The last and distinguishing feature is a perfidy which nothing can bind, which no tie of treaty, no sense of the principles generally received among nations, no obligation, human or divine, can restrain. Thus qualified, thus armed for destruction, the genius of the French Revolution marched forth, the terror and dismay of the world. Every nation has in its turn been the witness, many have been the victims of its principles; and it is left for us to decide whether we will compromise with such a danger while we have yet resources to supply the sinews of war, while the heart and spirit of the country is yet unbroken, and while we have the means of calling forth and supporting a powerful cooperation in Europe.

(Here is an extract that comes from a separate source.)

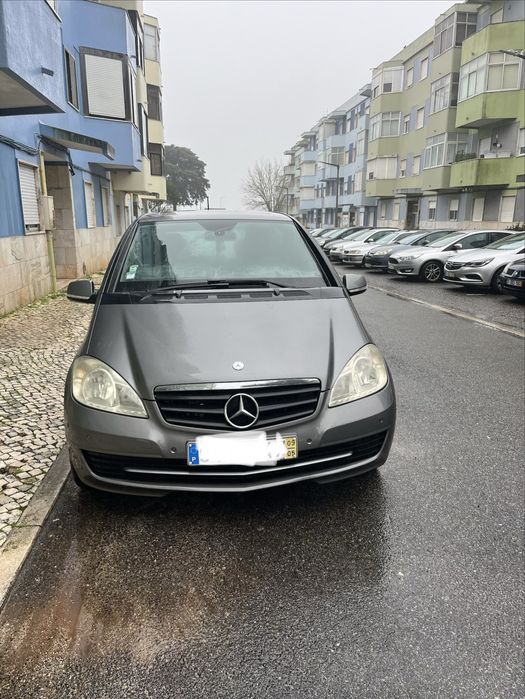 Carro Mercedes Benz A180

In examining this part of the subject let it be remembered that there is one other characteristic of the French Revolution as striking as its dreadful and destructive principles: I mean the instability of its government, which has been of itself sufficient to destroy all reliance, if any such reliance could at any time have been placed on the good faith of any of its rulers. Such has been the incredible rapidity with which the revolutions in France have succeeded each other, that I believe the names of those who have successively exercised absolute power under the pretense of liberty are to be numbered by the years of the revolution, and by each of the new constitutions, which, under the same pretense, has in its turn been imposed by force on France: all of which alike were founded upon principles which professed to be among all the nations of the earth. Each of these will be found, upon an average, to have had about two years as the period of its duration.

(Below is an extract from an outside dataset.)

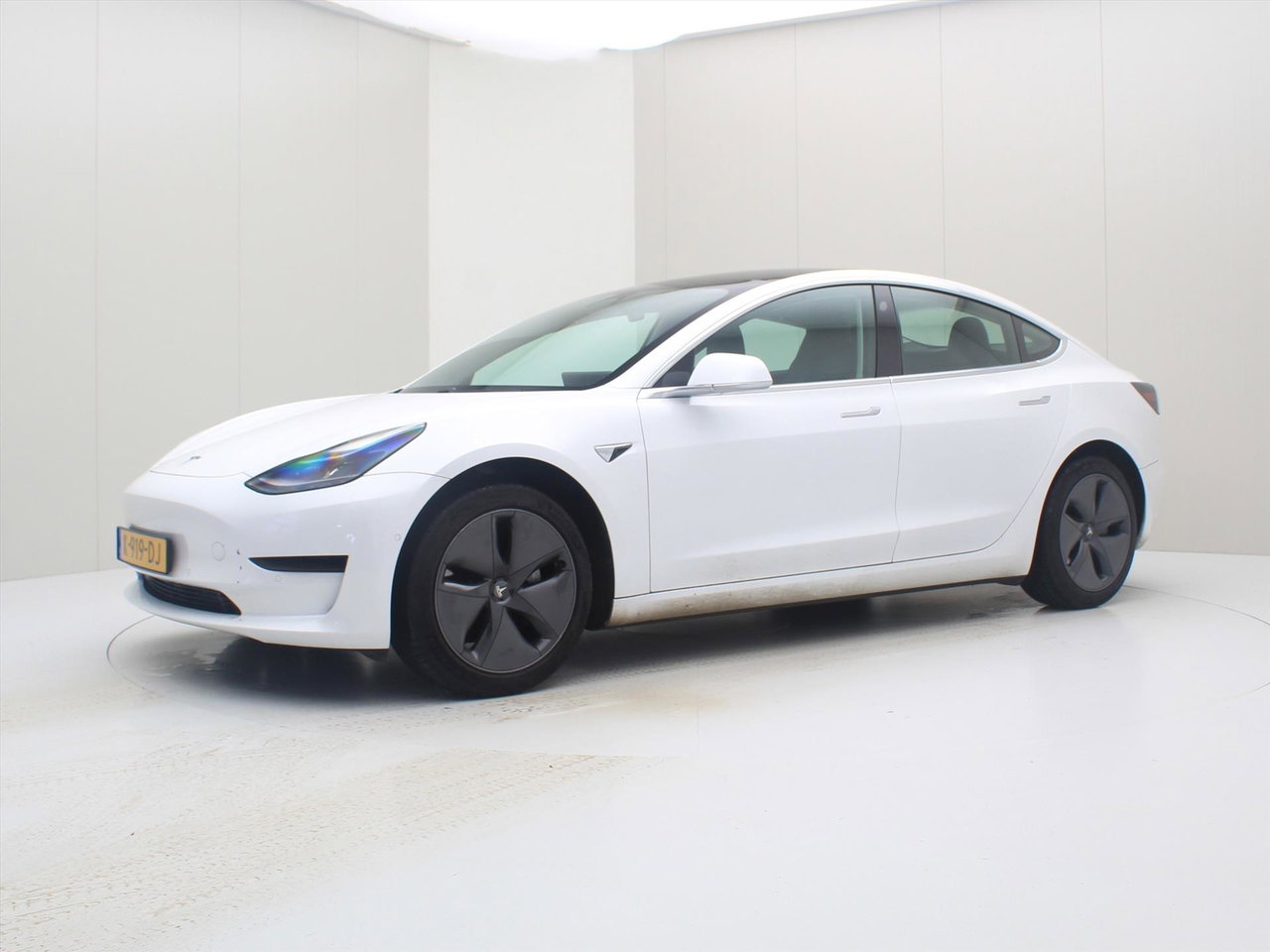 Tesla Model 3 Standard RWD Plus 92% SoH [ LFP ACCU+AUTOPILOT+60 kWh+PREMIUM AUDIO ] 7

Having taken a view of what it was, let us now examine what it is. In the first place we see, as has been truly stated, a change in the description and form of the sovereign authority. A supreme power is placed at the head of this nominal republic, with a more open avowal of military despotism than at any former period; with a more open and undisguised abandonment of the names and pretenses under which that despotism long attempted to conceal itself. The different institutions, republican in their form and appearance, which were before the instruments of that despotism, are now annihilated; they have given way to the absolute power of one man, concentrating in himself all the authority of the State, and differing from other monarchs only in this, that (as my honorable friend, Mr. Canning, truly stated it) he wields a sword instead of a scepter. What, then, is the confidence we are to derive either from the frame of the government or from the character and past conduct of the person who is now the absolute ruler of France?

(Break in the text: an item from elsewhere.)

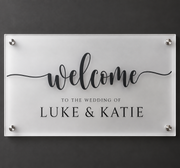 Personalized Wedding Welcome Sign – Elegant Custom Acrylic Decor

Had we seen a man of whom we had no previous knowledge suddenly invested with the sovereign authority of the country; invested with the power of taxation, with the power of the sword, the power of war and peace, the unlimited power of commanding the resources, of disposing of the lives and fortunes of every man in France; if we had seen at the same moment all the inferior machinery of the revolution, which, under the variety of successive shocks had kept the system in motion, still remaining entire, all that, by requisition and plunder, had given activity to the revolutionary system of finance, and had furnished the means of creating an army, by converting every man who was of age to bear arms into a soldier, not for the defense of his own country, but for the sake of carrying the war into the country of the enemy; if we had seen all the subordinate instruments of Jacobin power subsisting in their full force, and retaining (to use the French phrase) all their original organization, and had then observed this single change in the conduct of their affairs that there was now one man, with no rival to thwart his measures, no colleag to divide his powers, no council to control his operations, no liberty of speaking or writing, no expression of public opinion to check or influence his conduct; under such circumstances should we be wrong to pause, or wait for the evidence of facts and experience, before we consented to trust our safety to the forbearance of a single man, in such a situation, and to relinquish those means of defense which have hitherto carried us safe through all the storms of the Revolution? if we were to ask what are the principles and character of this stranger to whom fortune has suddenly committed the concerns of a great and powerful nation?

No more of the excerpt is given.